[Short descriptive text snippets]
* * * *

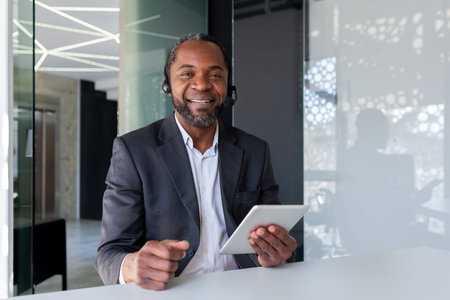 Portrait of support worker inside office at workplace, man smiling and looking at camera, using...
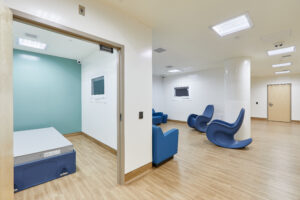 Lobby space that has a sitting area and a private sleeping area.
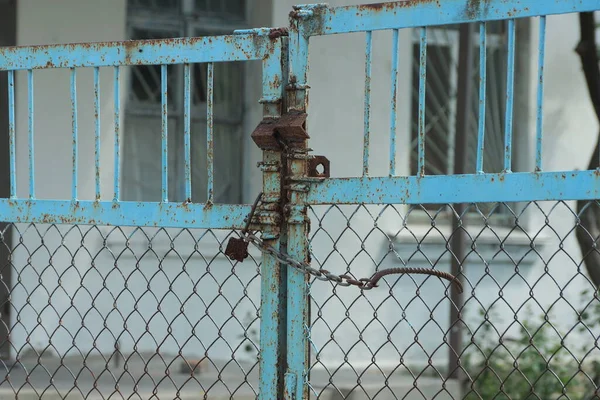 街上用褐色锈迹斑斑的铁网封闭的蓝色金属门的一部分 — 图库照片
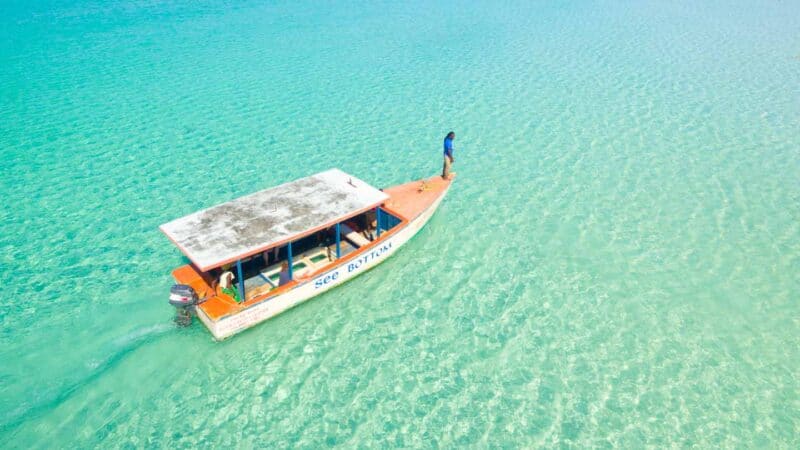 Man standing on the bow of a glass bottom snorkeling tour boat - best things to do in Negril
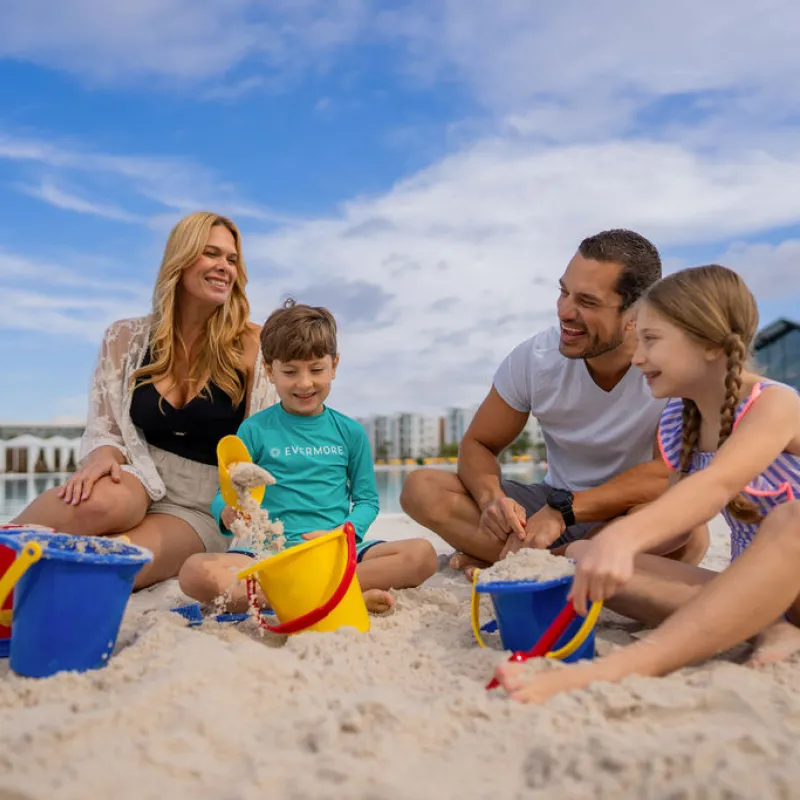 Family playing in the sand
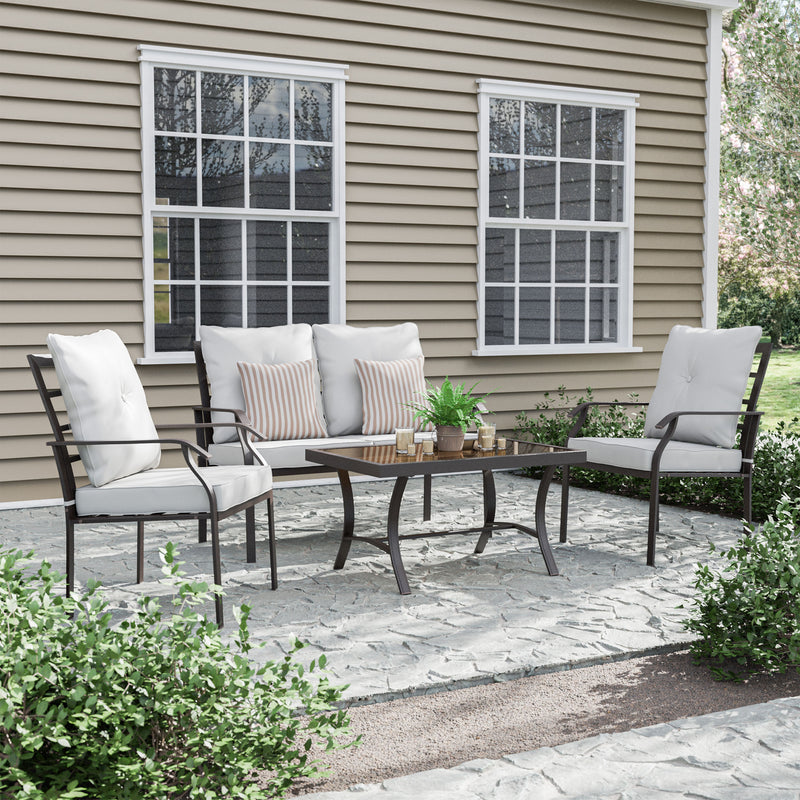 Right facing four-piece transitional beige outdoor patio seating set with a table, two chairs, and a loveseat on a patio with accessories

* * * *

Set down each entry again exactly as written. Pictures stay out.

 Portrait of support worker inside office at workplace, man smiling and looking at camera, using...
 Lobby space that has a sitting area and a private sleeping area.
 街上用褐色锈迹斑斑的铁网封闭的蓝色金属门的一部分 — 图库照片
 Man standing on the bow of a glass bottom snorkeling tour boat - best things to do in Negril
 Family playing in the sand
 Right facing four-piece transitional beige outdoor patio seating set with a table, two chairs, and a loveseat on a patio with accessories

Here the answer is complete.